Assignment => Without including any pictures, write out all the records word for word.

[Captioned web images]
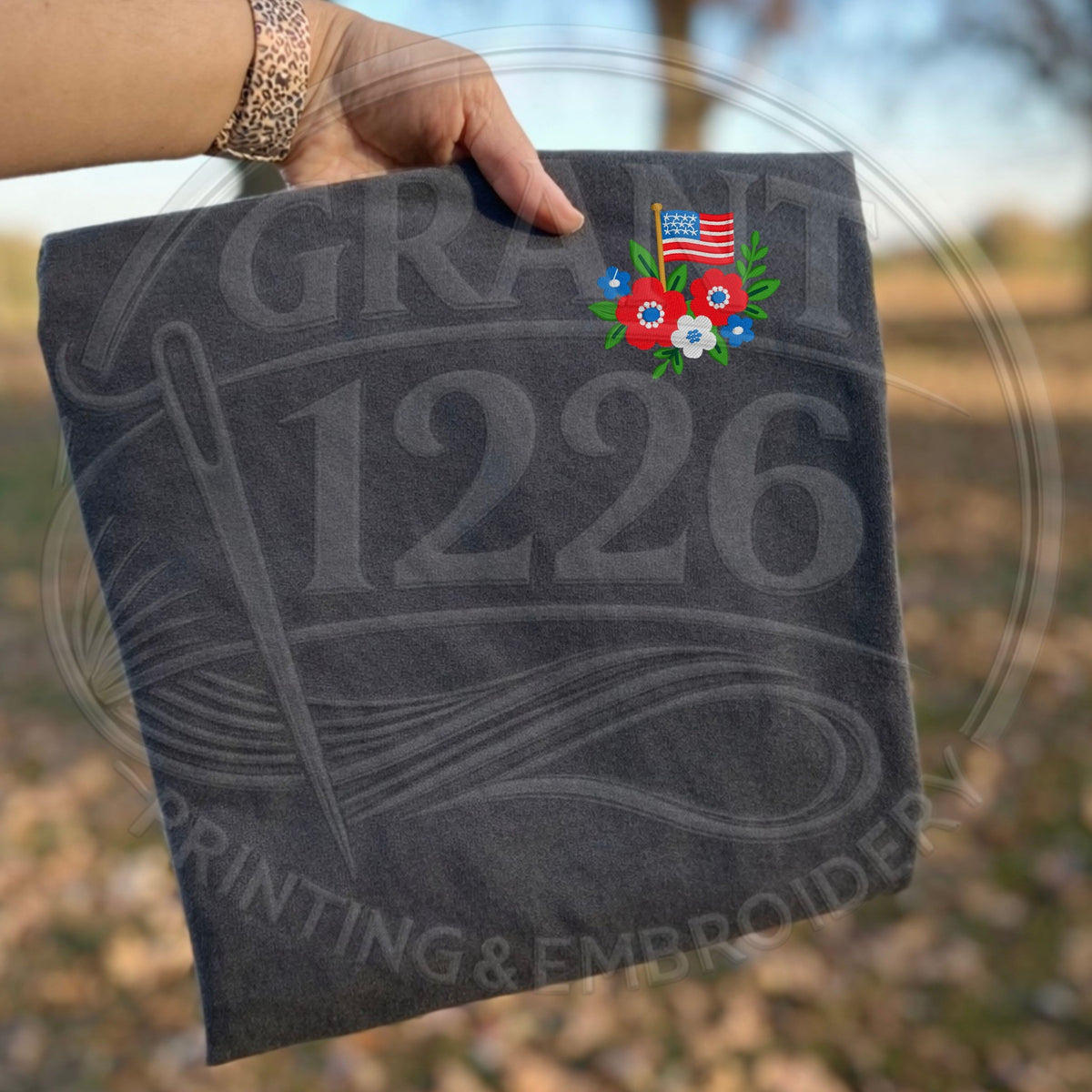 Charcoal T-shirt with floral American flag embroidery on left chest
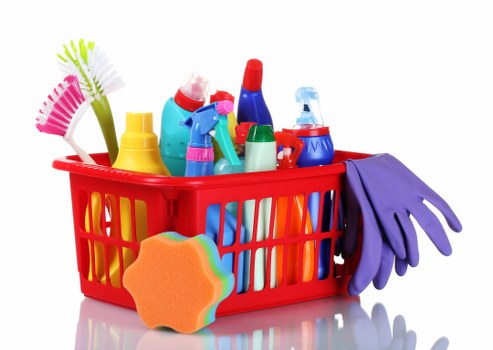 A red plastic basket filled with various cleaning and household supplies, including spray bottles, disinfectants, and scrub brushes, placed on a white surface. The background is plain and neutral, emphasizing the brightly coloured containers and tools. To the right of the basket, a pair of purple rubber cleaning gloves hangs over the side. A colourful, flower-shaped sponge rests at the base of the basket, while the cleaning products feature stickers and caps in shades of yellow, blue, red, and green, with textures that suggest plastic and rubber materials. The overall scene appears to be indoors or on a clean, flat surface suitable for domestic or commercial cleaning tasks, aligning with waste management and rubbish removal services in the local area. The image conveys the concept of household clutter or waste that could be targeted for removal or recycling by companies such as Commercial Waste Removal Ealing, serving clients around west London.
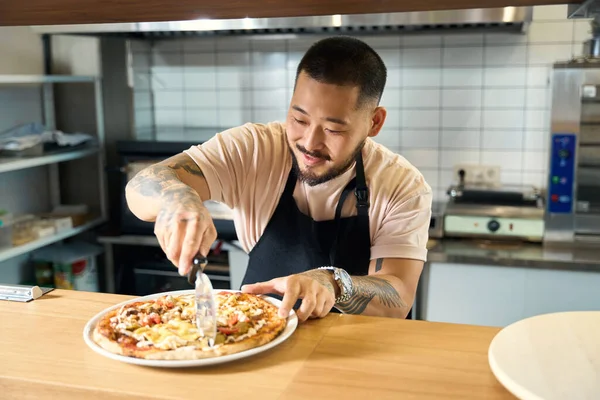 Zevkli şef gülümserken dikkatlice lezzetli pizzayı dilimlere ayırıyor.
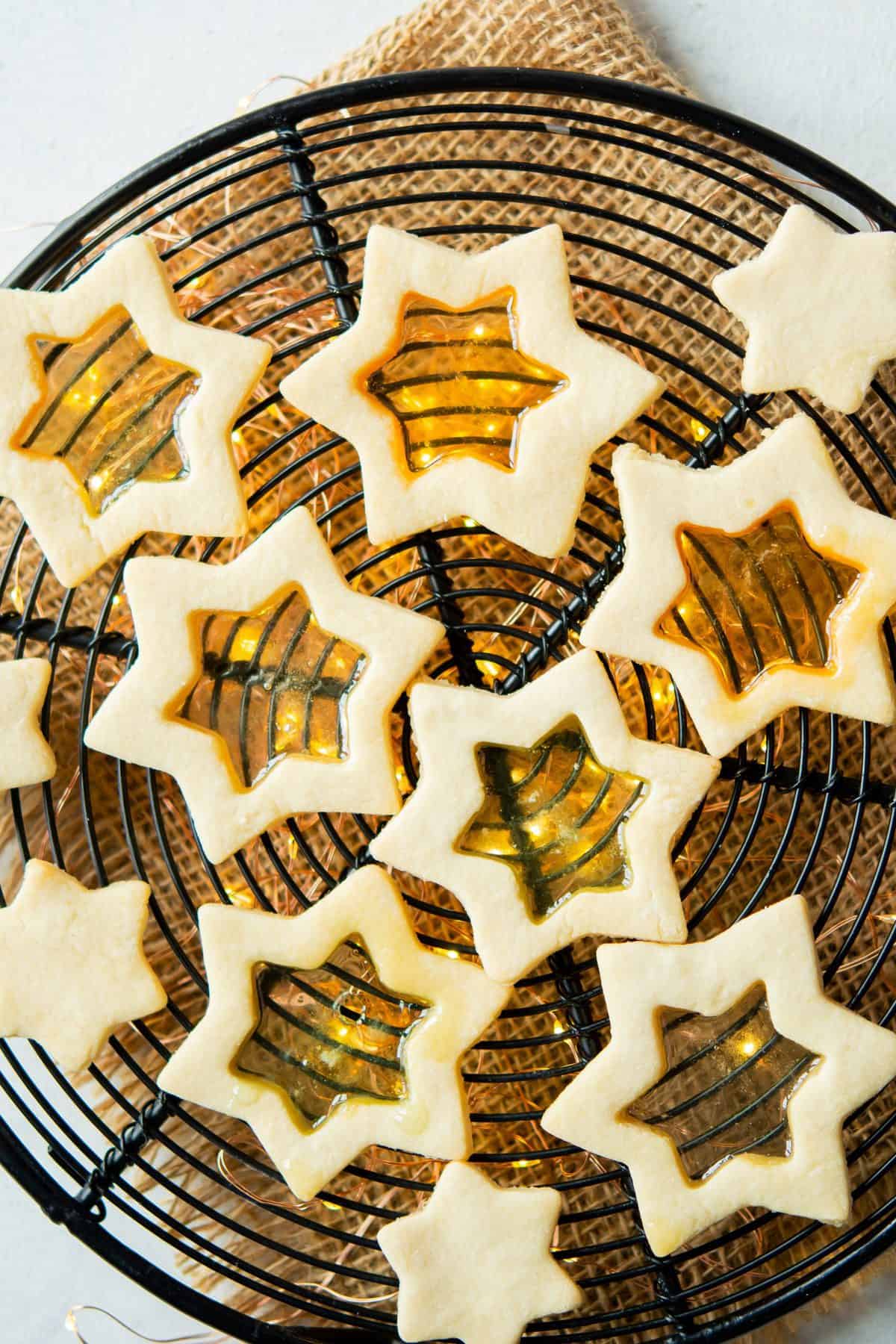 Christmas stained glass sugar cookies on wire rack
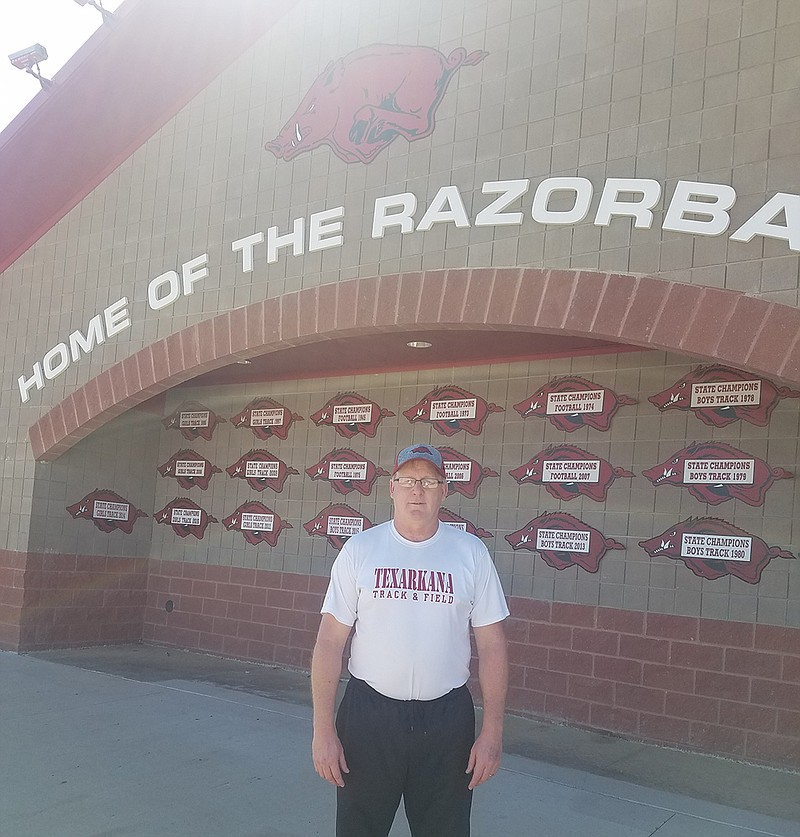 Scott Black stands in front of the Arkansas High School field house. Black has been a life-long fan of the Razorbacks and high school sports in Texarkana.
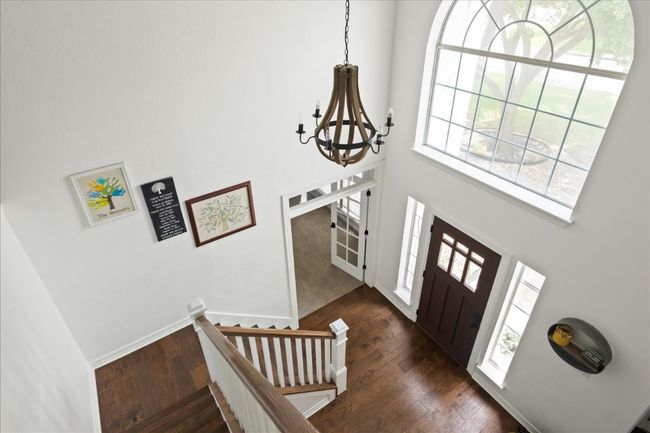 Entry foyer features high ceiling, a stylish chandelier and a wealth of natural light | Image 16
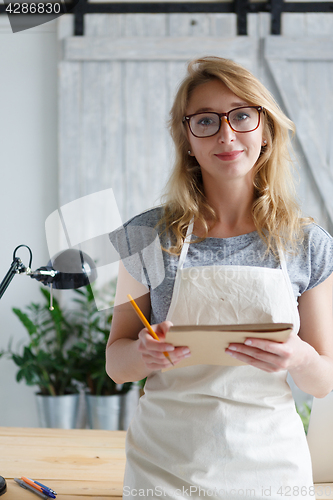 Image of Blonde florist on background flower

Completed task =>
 Charcoal T-shirt with floral American flag embroidery on left chest
 A red plastic basket filled with various cleaning and household supplies, including spray bottles, disinfectants, and scrub brushes, placed on a white surface. The background is plain and neutral, emphasizing the brightly coloured containers and tools. To the right of the basket, a pair of purple rubber cleaning gloves hangs over the side. A colourful, flower-shaped sponge rests at the base of the basket, while the cleaning products feature stickers and caps in shades of yellow, blue, red, and green, with textures that suggest plastic and rubber materials. The overall scene appears to be indoors or on a clean, flat surface suitable for domestic or commercial cleaning tasks, aligning with waste management and rubbish removal services in the local area. The image conveys the concept of household clutter or waste that could be targeted for removal or recycling by companies such as Commercial Waste Removal Ealing, serving clients around west London.
 Zevkli şef gülümserken dikkatlice lezzetli pizzayı dilimlere ayırıyor.
 Christmas stained glass sugar cookies on wire rack
 Scott Black stands in front of the Arkansas High School field house. Black has been a life-long fan of the Razorbacks and high school sports in Texarkana.
 Entry foyer features high ceiling, a stylish chandelier and a wealth of natural light | Image 16
 Image of Blonde florist on background flower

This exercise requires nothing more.